3. Les moyens invoqués par les associations " Le groupe national de surveillance des arbres " (GNSA) et " France Nature Environnement Allier " (FNE Allier) ne paraissent pas, en l'état de l'instruction, propres à créer un doute sérieux sur la légalité de l'arrêté attaqué.

4. Il résulte de ce qui précède, sans qu'il soit besoin d'examiner les fins de non-recevoir opposées par la commune de Vichy, ni d'apprécier si la condition d'urgence est satisfaite, que les conclusions à fin de suspension présentées par les associations requérantes doivent être rejetées.

Sur les frais liés au litige :

5. Les dispositions de l'article L. 761-1 du code de justice administrative font obstacle à ce qu'il soit mis à la charge de l'Etat, qui n'est pas partie perdante dans la présente instance, la somme demandée par les associations requérantes au titre des frais exposés par elles et non compris dans les dépens.

6. Dans les circonstances de l'espèce, il n'y a pas lieu de faire droit aux conclusions de la commune de Vichy présentées sur le fondement de l'article L. 761-1 du code de justice administrative.

O R D O N N E :

Article 1er : La requête des associations " Le groupe national de surveillance des arbres " et " France Nature Environnement Allier " est rejetée.

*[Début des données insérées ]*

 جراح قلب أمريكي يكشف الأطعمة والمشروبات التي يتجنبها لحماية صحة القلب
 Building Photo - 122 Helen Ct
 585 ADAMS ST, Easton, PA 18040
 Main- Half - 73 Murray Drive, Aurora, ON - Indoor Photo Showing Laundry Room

Article 2 : Les conclusions présentées par la commune de Vichy sur le fondement de l'article L. 761-1 du code de justice administrative sont rejetées.

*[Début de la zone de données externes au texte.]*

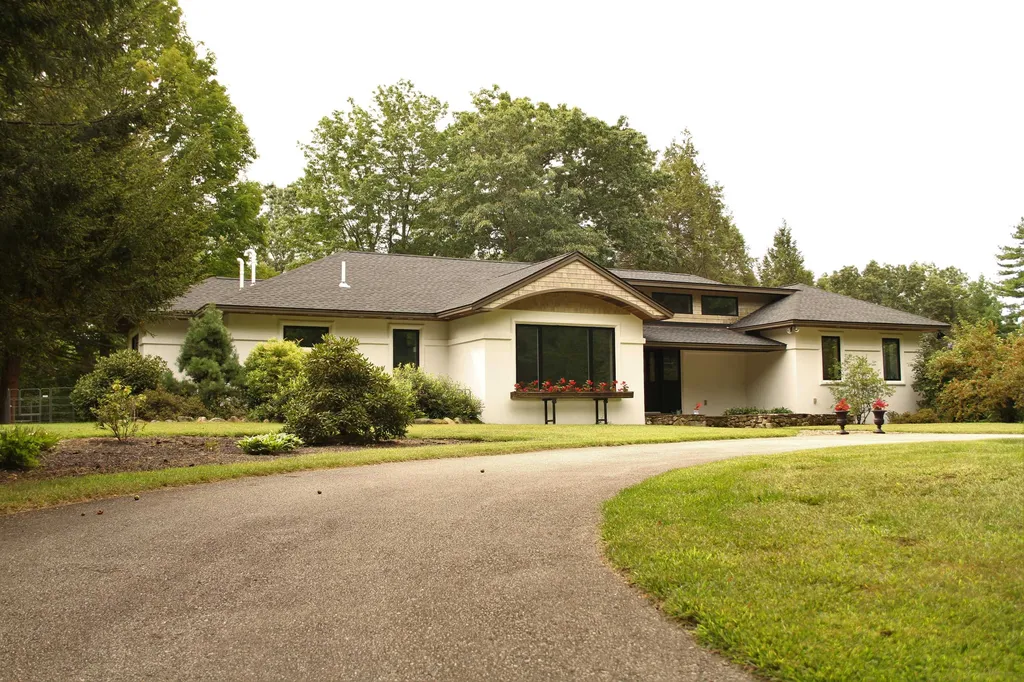 9 Aspen Hill Drive South Hampton NH 03827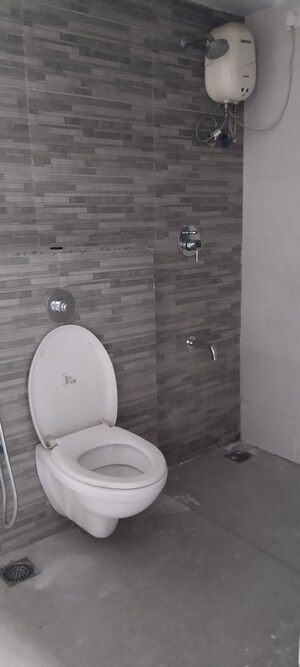 Master Bedroom in 1.5 BHK Apartment at Lodha Palava City Lakeshore Greens, Dombivli East – for Rent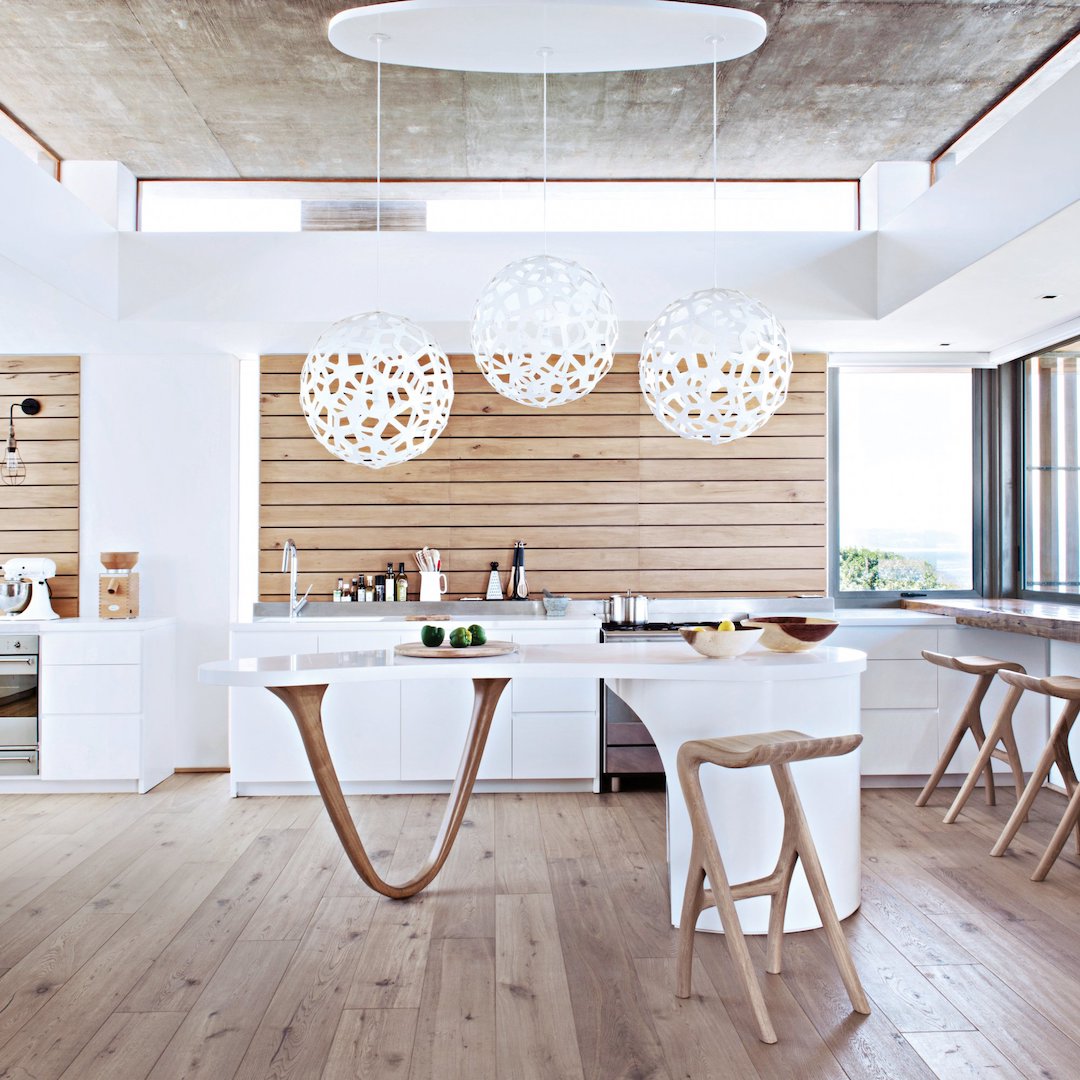cuisine minimaliste bois ilot central original arrondi parquet - blog déco - clem around the corner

Article 3 : La présente ordonnance sera notifiée à l'association " Le groupe national de surveillance des arbres ", première dénommée pour l'ensemble des requérants en application de l'article R. 751-3 du code de justice administrative, à la préfète de l'Allier et à la commune de Vichy.

Fait à Clermont-Ferrand, le 12 septembre2023.

La juge des référés,

R. CARAËS

La République mande et ordonne à la préfète de l'Allier en ce qui le concerne ou à tous commissaires de justice à ce requis en ce qui concerne les voies de droit commun contre les parties privées, de pourvoir à l'exécution de la présente décision.